Nella critica ai magistrati, l’autore, in altri termini, non evidenzia adeguatamente un leitmotiv degli ultimi venti anni. Nella selezione dei politici “degni”, i partiti hanno delegato alla magistratura l’individuazione dei “sintomi della inaffidabilità” e le “procedure” per la loro verifica. Si pensi non solo alle black list della commissione parlamentare antimafia (fondate sui decreti di rinvio a giudizio per reati di particolare allarme sociale), ma anche ai dispositivi della legge Severino o agli esposti per la verifica della regolarità di consultazioni primarie (per il PD a Napoli, Genova e Palermo). I partiti, soprattutto con “personaggi discussi” che drenano un ampio consenso elettorale, “stanno alla finestra” sino all’atto del giudice. E naturalmente ciò può determinare inconsapevoli eccessi di attenzione giudiziaria, poi cavalcati strumentalmente da voci disinvolte. I casi non sono mancati. Ma, come ricorda anche l’autore, tra i “politici di rango” processati a Palermo per reati di mafia, Marcello Dell’Utri e Salvatore Cuffaro sono stati condannati con sentenza definitiva; e Andreotti per i fatti precedenti al 1980 è stato “salvato” dalla prescrizione. A dimostrazione che la magistratura è rimasta saldamente ancorata a fatti specifici di rilievo penale; e non a fumose ipotesi di contiguità, buone solo per la stampa.
E ancora, il saggio trascura che gli stessi partiti che oggi si lamentano del “populismo giudiziario”, sono stati i primi ad affidare incarichi di governo locale o centrale a magistrati, o a candidarli alle elezioni politiche o a sindaci di importanti città. Tutto questo per far fronte alla crisi di autorevolezza e di credibilità in cui erano piombati. Insomma, la realtà è complessa. Dunque ridurre tutto al “protagonismo dei giudici” non aiuta a comprendere i difficili rapporti tra magistratura e politica.

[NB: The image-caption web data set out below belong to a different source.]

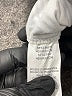 Rewind Stripes Silver Linen Pants Size XL - photo 8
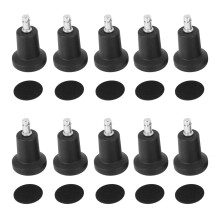 High Profile Bell Glides Replacement for Office Chair Without Wheels & Bar Stool, Fixed Stationary Caster Glide, 10-Pack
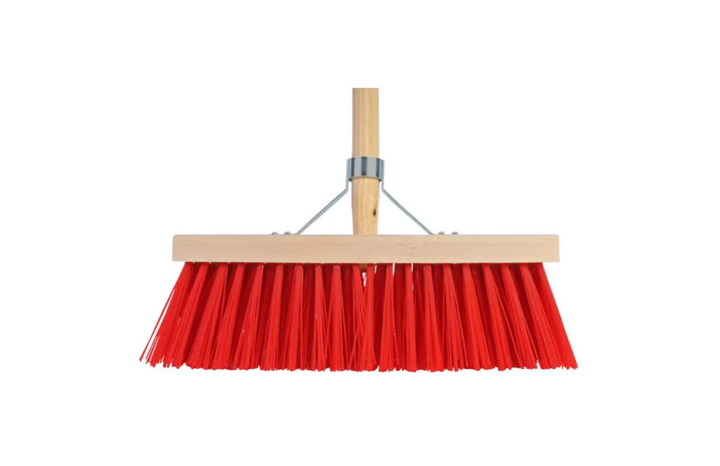 Bezem - Nylon - 35 centimeter - Houten steel - 140 centimeter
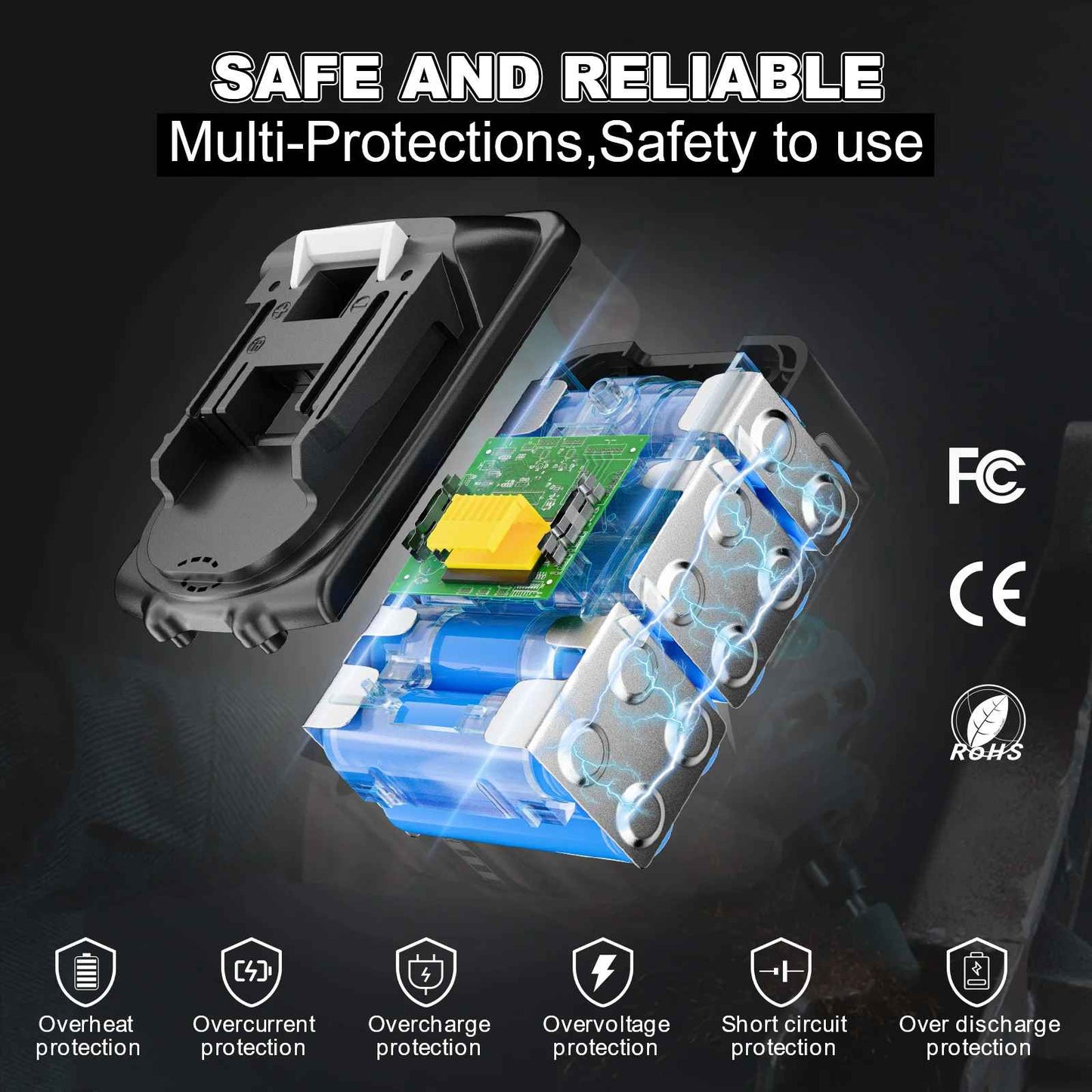 18V baterija za Makita orodja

Infine, nel valutare la forte esposizione della magistratura sul versante della ricerca delle responsabilità penali in ambienti politico-istituzionali, l’autore sembra sottovalutare un dato storico, nonostante sia stato testimone di eventi tragici che lo hanno segnato. La Palermo degli anni a cavallo tra il 1978 e il 1982 è stata teatro di forme estreme di violenza politica. Gli omicidi di Piersanti Mattarella, Cesare Terranova, Pio La Torre e Carlo Alberto Dalla Chiesa, per citare i più eclatanti, secondo una pluralità di pronunce giudiziarie, hanno una matrice politico-mafiosa. Ma a pagare sinora sono stati solo gli uomini delle cosche.

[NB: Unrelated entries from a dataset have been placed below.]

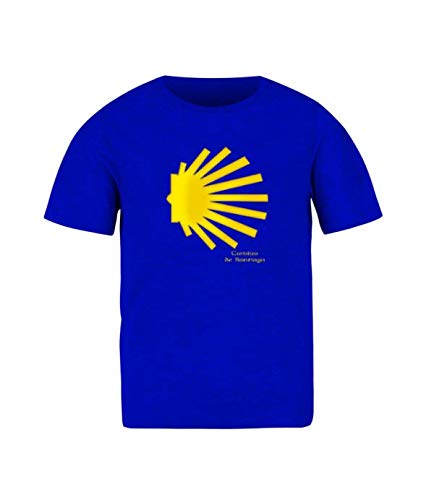 Desconocido Camiseta Niño Camino de Santiago Xacobeo 2021"Concha (Rojo, 3/4)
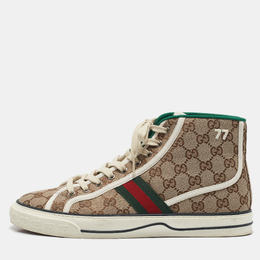 Gucci: Бежевые кроссовки  Tennis 1977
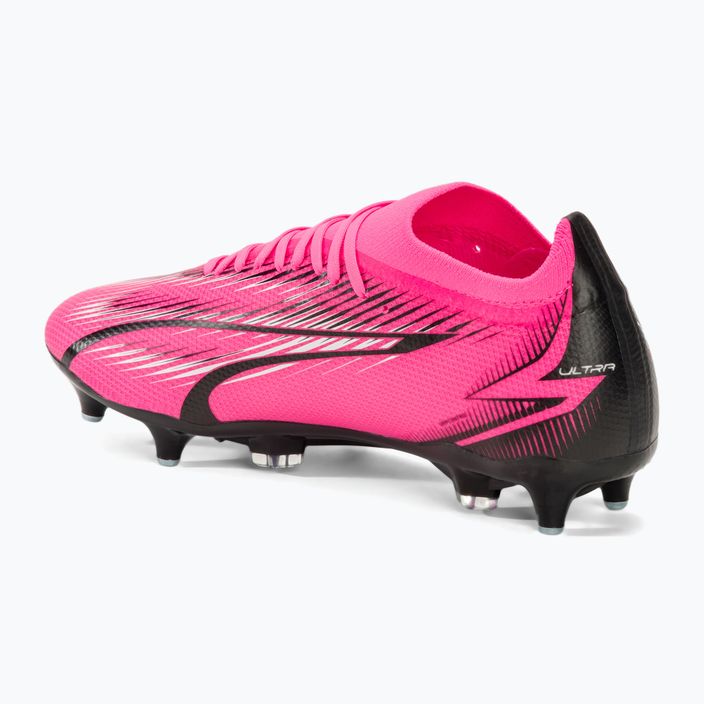 PUMA Ultra Match MxSG football boots poison pink/puma white/puma black 3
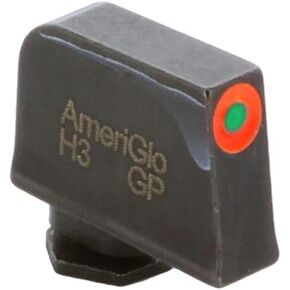 Ameriglo ProGlo Green Tritium Front Sight for Glock, Orange Outline, .315" H .125" W, Enhanced Accuracy, Low Light Compatible (GL-212-315-OR-C) in Saudi Arabia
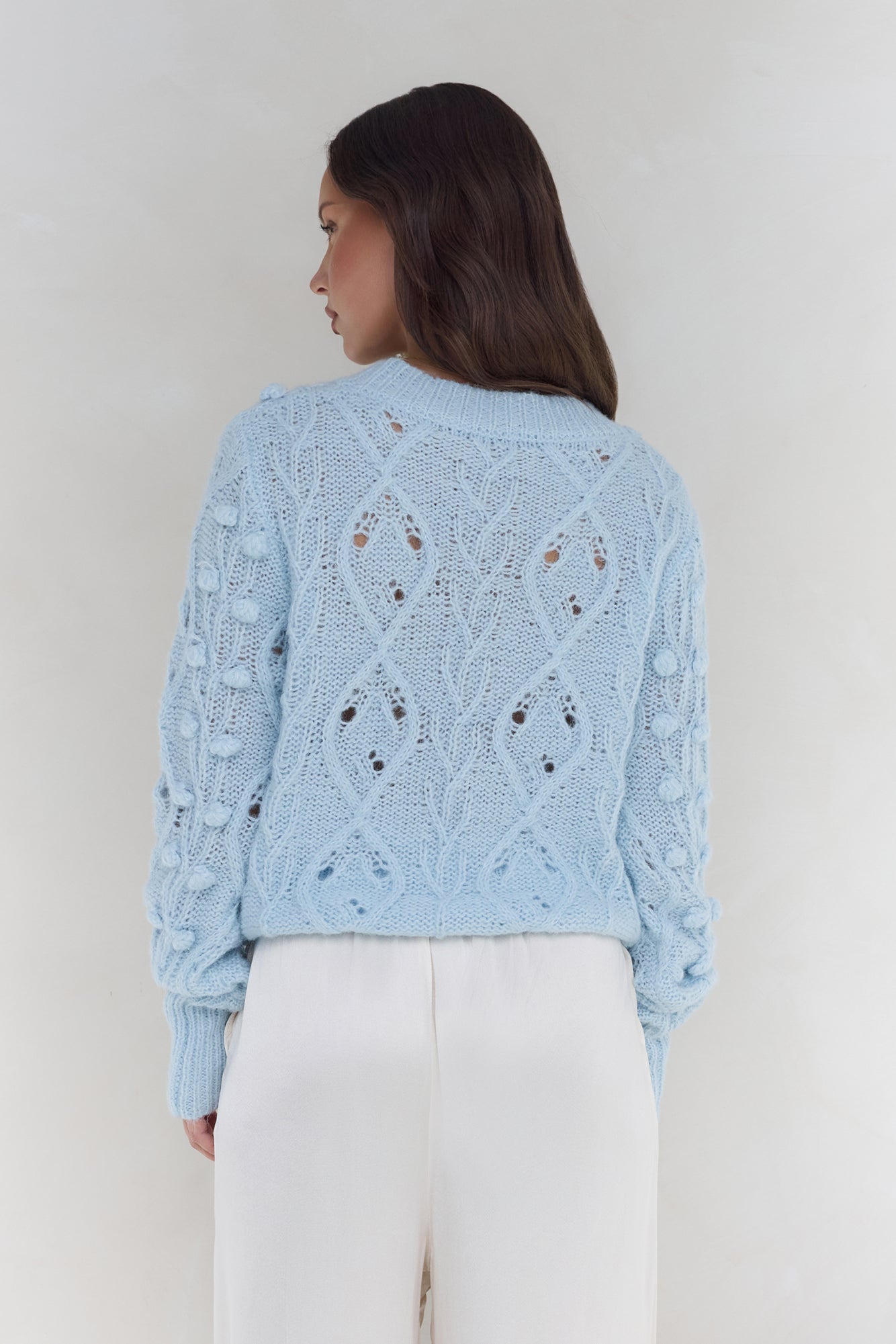 Winterberry Knit Sweater Blue-Seaa Fashion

Si tratta di crimini che hanno inciso profondamente sugli scenari istituzionali della Sicilia e dell’Italia, così come le stragi del 1992-1993. Molti ancora sono i “pezzi mancanti” di quelle stagioni, grazie anche a colossali depistaggi. Un dato, tuttavia, pare ormai assodato. Ossia che i gruppi mafiosi abbiano agito come “braccio armato” di superstrutture criminali che coltivavano progetti di condizionamento degli assetti politici del nostro paese. Ciò viene affermato anche nella requisitoria del processo per la strage di via dei Georgofili a Firenze dai pubblici ministeri Gabriele Chelazzi e Giuseppe Nicolosi, che certamente non possono essere accusati di “protagonismo giudiziario”. D’altronde, nei ciclici frangenti di “sbandamento” del nostro sistema istituzionale, la storia di Cosa Nostra è intessuta di alleanze nell’ombra con ambienti economico-finanziari corrotti, gruppi eversivi e sottobosco politico. Di certe vicende la magistratura doverosamente si è occupata e continua ad occuparsene. E solo forme di incomprensibile “rimozione collettiva” giustificherebbero le critiche feroci verso coloro i quali, con le armi dello Stato di diritto, tentano o hanno tentato di far luce su pagine drammatiche della nostra democrazia.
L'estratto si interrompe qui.